— Record extracts —
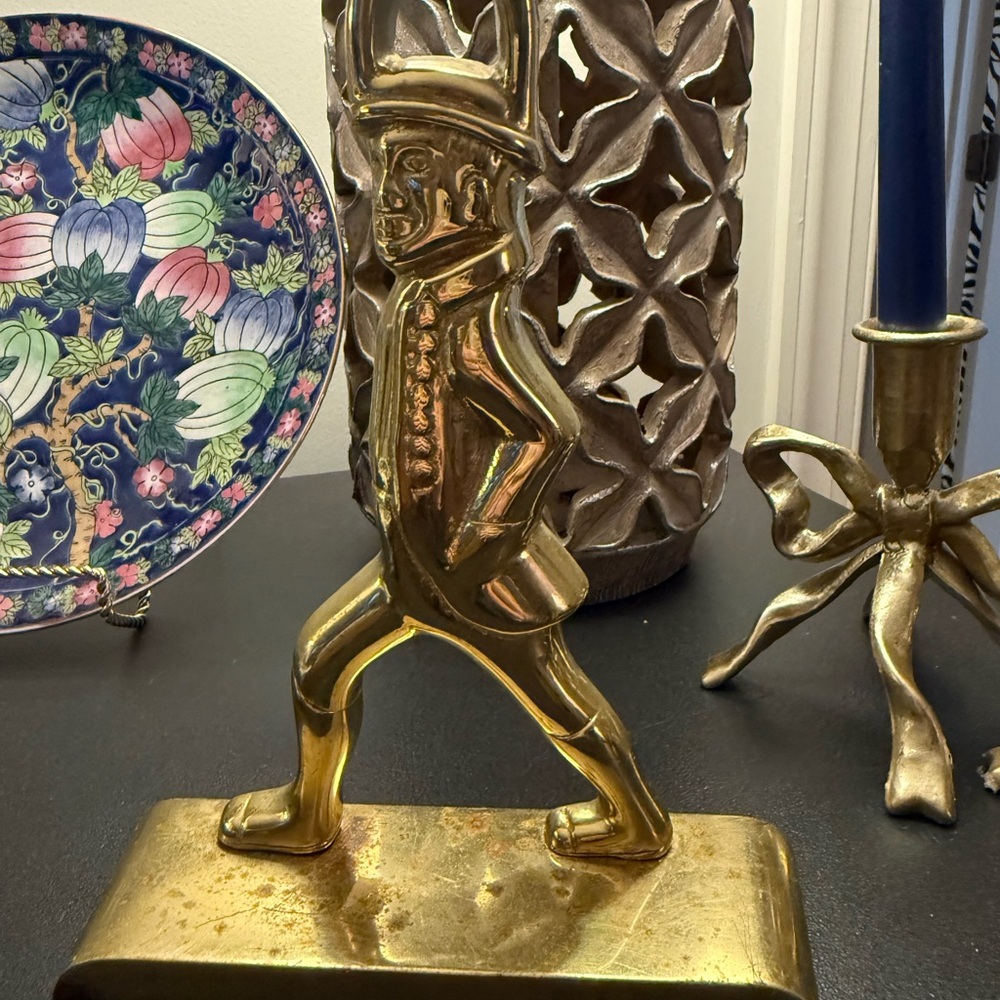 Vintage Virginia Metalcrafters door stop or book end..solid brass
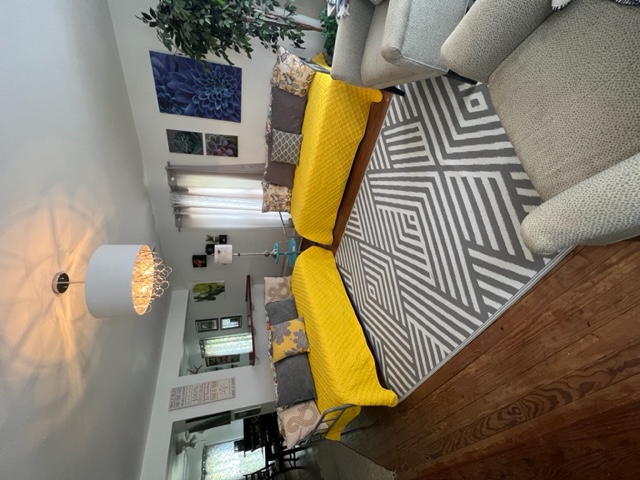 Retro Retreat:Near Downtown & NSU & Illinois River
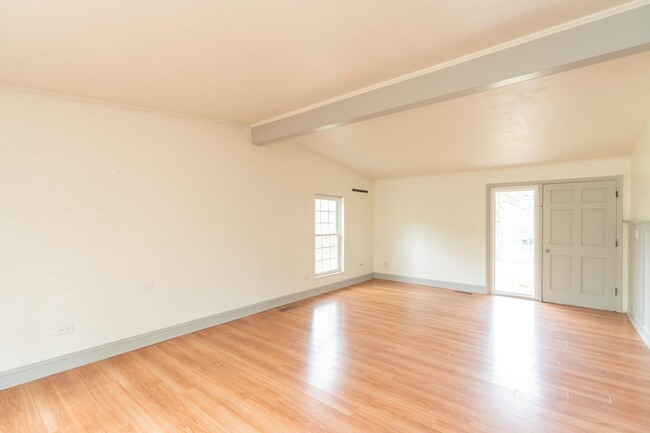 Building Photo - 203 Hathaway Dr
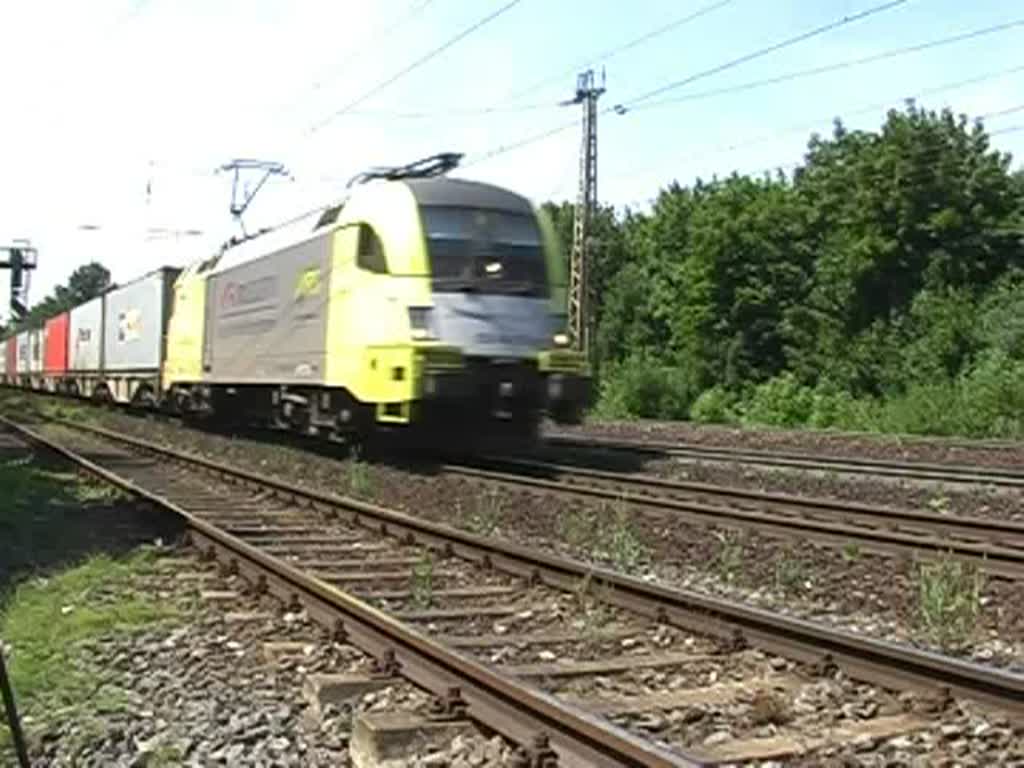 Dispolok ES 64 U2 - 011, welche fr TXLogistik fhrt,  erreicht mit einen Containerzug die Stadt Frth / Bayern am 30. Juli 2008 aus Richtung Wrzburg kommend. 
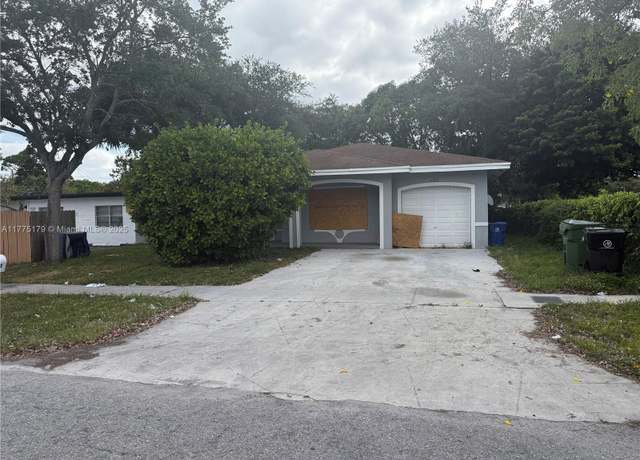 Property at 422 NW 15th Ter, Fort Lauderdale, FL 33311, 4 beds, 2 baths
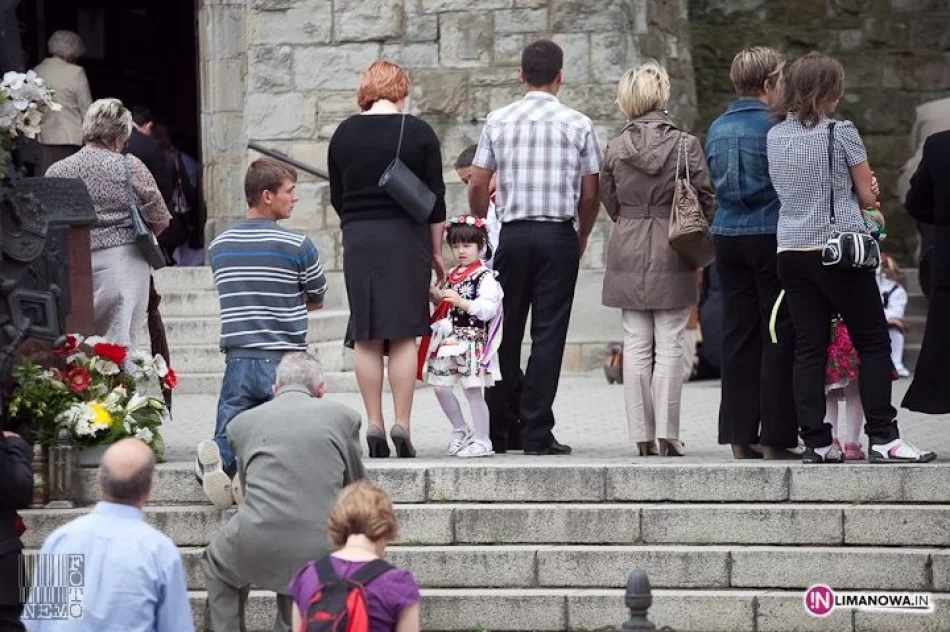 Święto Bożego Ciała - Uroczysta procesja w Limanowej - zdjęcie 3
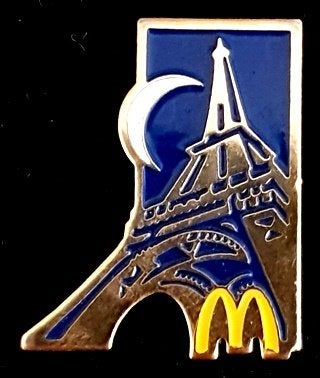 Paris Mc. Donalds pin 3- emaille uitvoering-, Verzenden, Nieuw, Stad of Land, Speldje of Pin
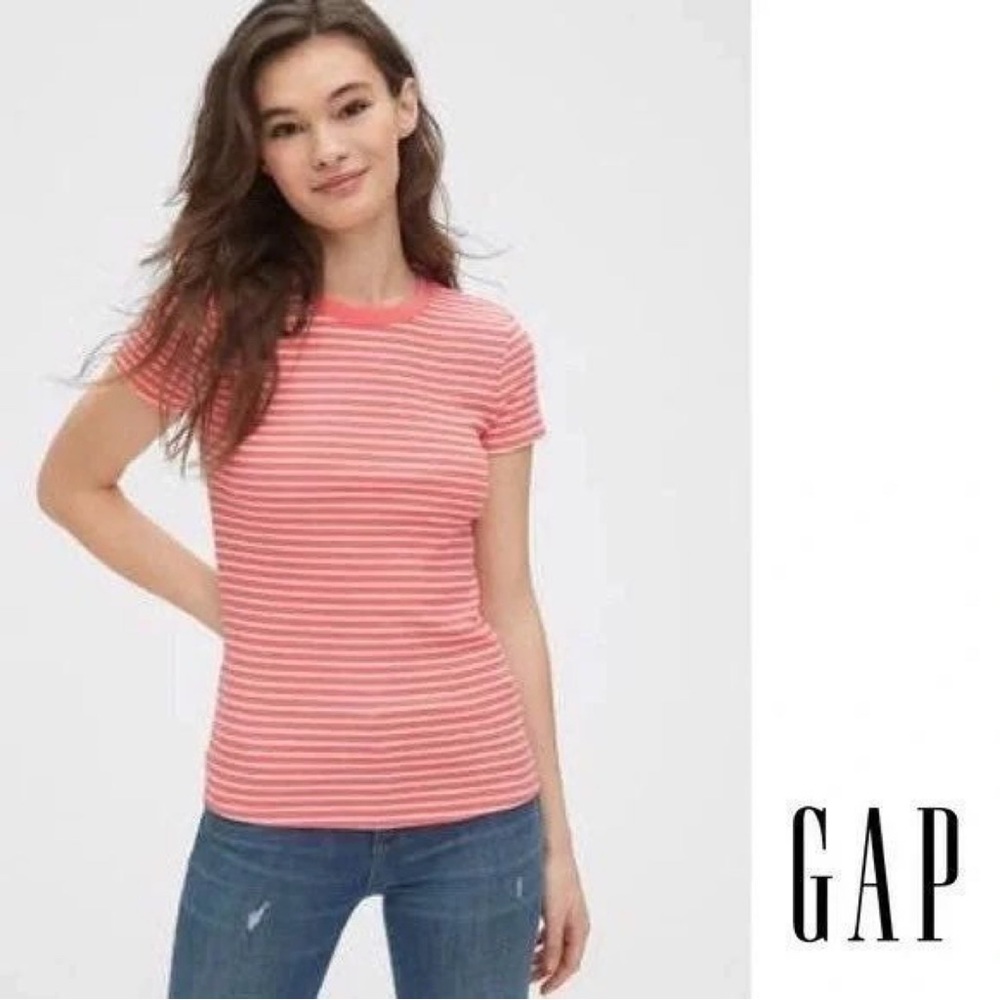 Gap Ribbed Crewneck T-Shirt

— Problem to solve —
With images omitted, retype the data word for word.

— Solution to the problem —
 Vintage Virginia Metalcrafters door stop or book end..solid brass
 Retro Retreat:Near Downtown & NSU & Illinois River
 Building Photo - 203 Hathaway Dr
 Dispolok ES 64 U2 - 011, welche fr TXLogistik fhrt,  erreicht mit einen Containerzug die Stadt Frth / Bayern am 30. Juli 2008 aus Richtung Wrzburg kommend. 
 Property at 422 NW 15th Ter, Fort Lauderdale, FL 33311, 4 beds, 2 baths
 Święto Bożego Ciała - Uroczysta procesja w Limanowej - zdjęcie 3
 Paris Mc. Donalds pin 3- emaille uitvoering-, Verzenden, Nieuw, Stad of Land, Speldje of Pin
 Gap Ribbed Crewneck T-Shirt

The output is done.